##### THE DATA

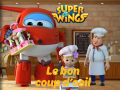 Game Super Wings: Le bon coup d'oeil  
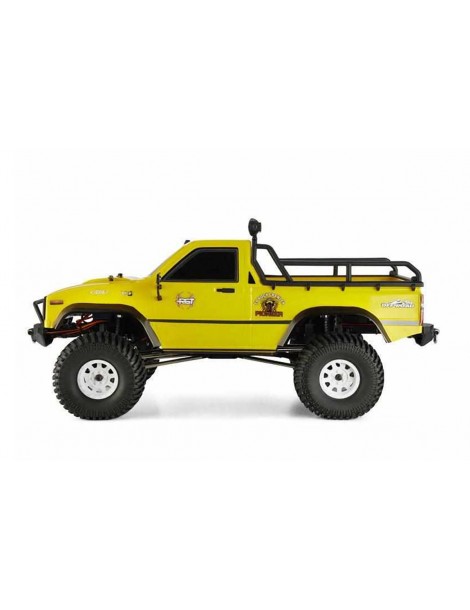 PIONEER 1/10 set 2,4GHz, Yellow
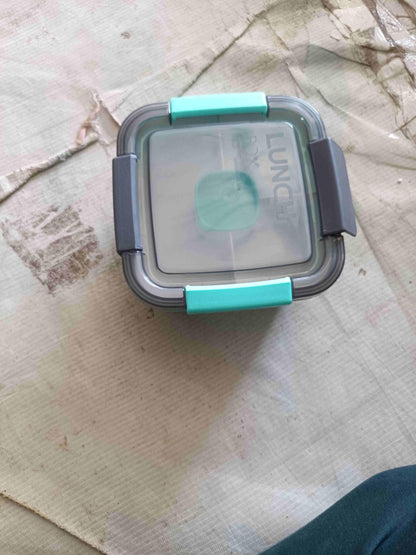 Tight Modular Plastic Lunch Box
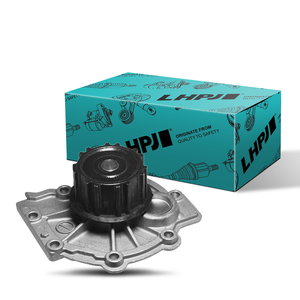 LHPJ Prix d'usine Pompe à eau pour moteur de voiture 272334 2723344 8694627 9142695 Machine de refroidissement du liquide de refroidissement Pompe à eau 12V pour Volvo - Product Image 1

##########
##### THE DATA

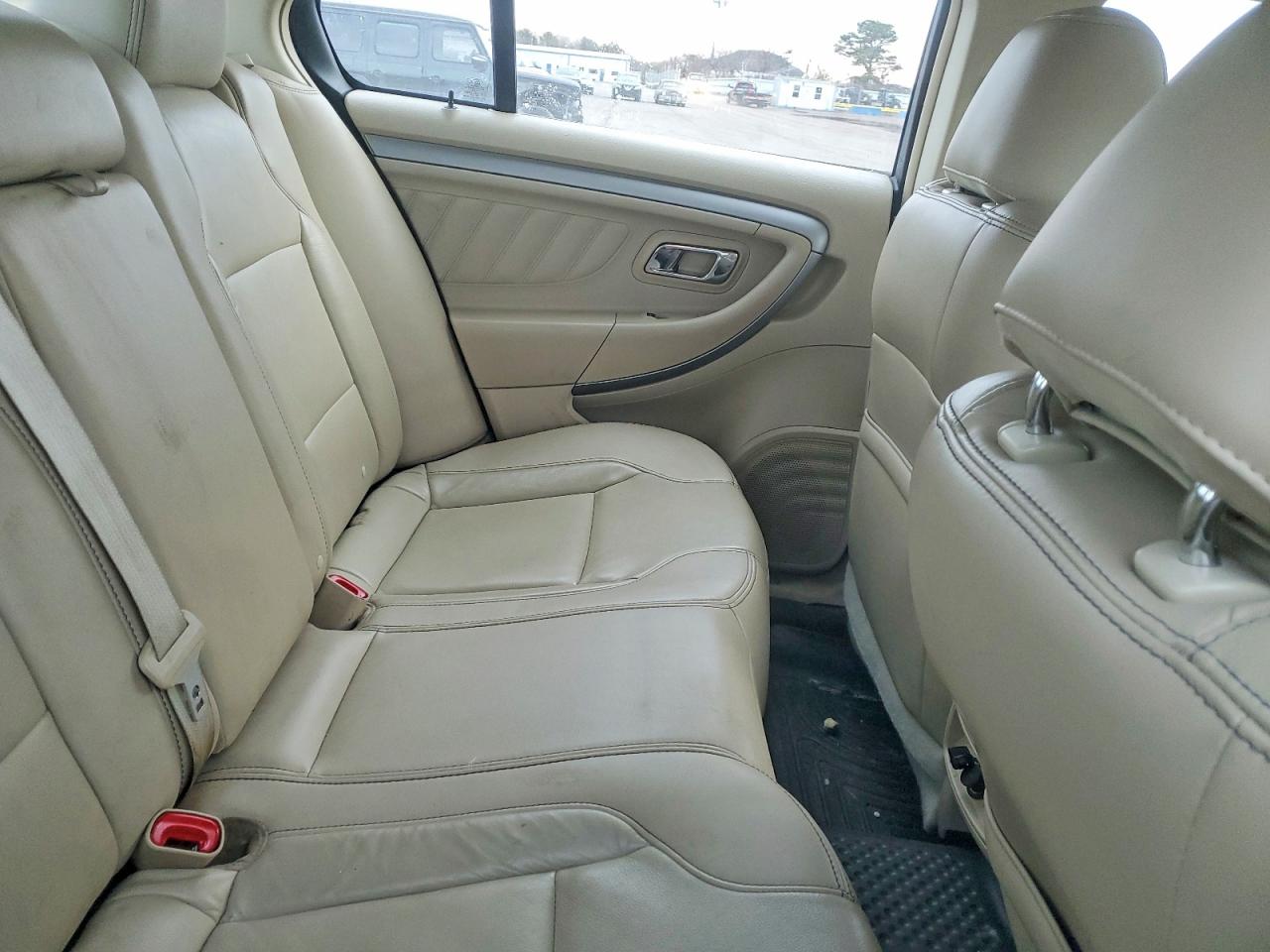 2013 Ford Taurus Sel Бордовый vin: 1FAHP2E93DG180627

##########
##### THE DATA

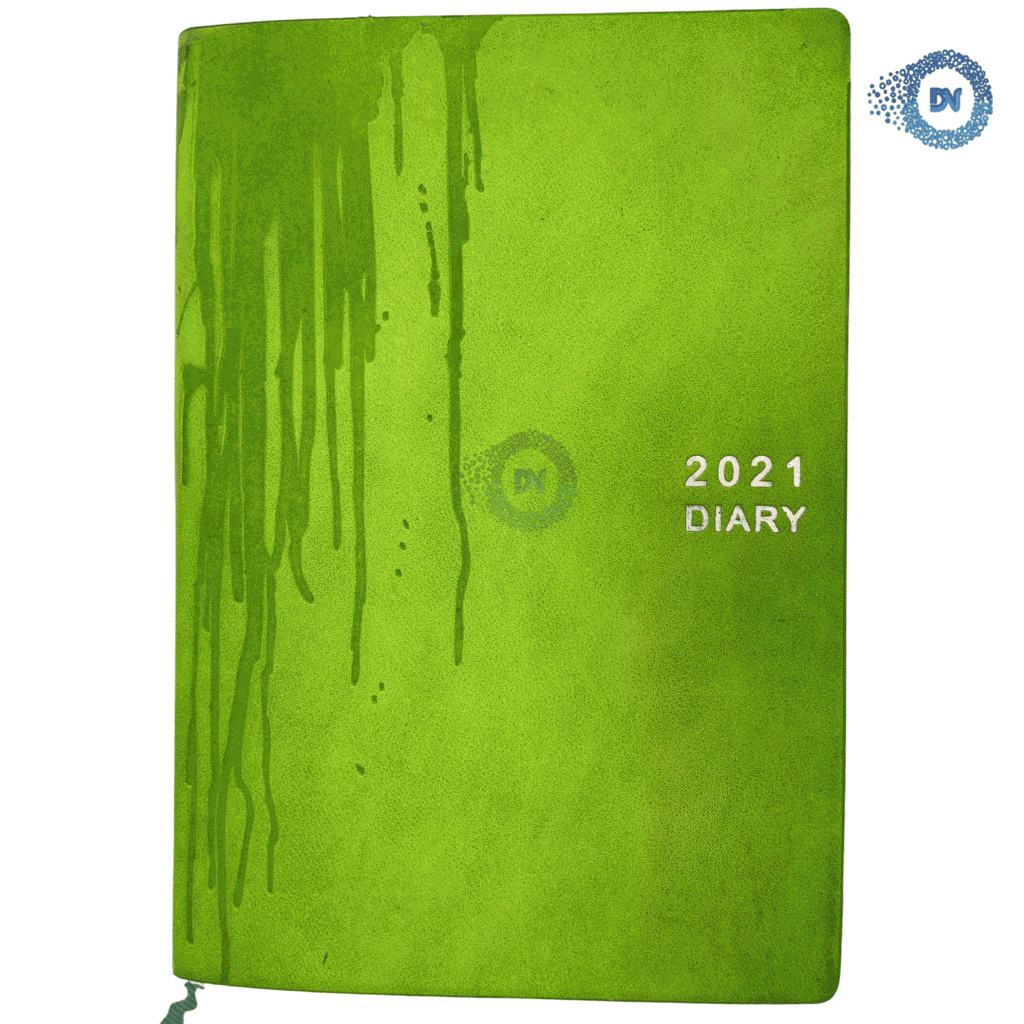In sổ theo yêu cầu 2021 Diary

##########

Using the records above, repeat exactly the run of lines that starts with the line with "Tight Modular Plastic Lunch Box" and goes on through the line with "LHPJ Prix d'usine"; omit each picture.

_SOLUTION FOR THIS TASK_:
 Tight Modular Plastic Lunch Box
 LHPJ Prix d'usine Pompe à eau pour moteur de voiture 272334 2723344 8694627 9142695 Machine de refroidissement du liquide de refroidissement Pompe à eau 12V pour Volvo - Product Image 1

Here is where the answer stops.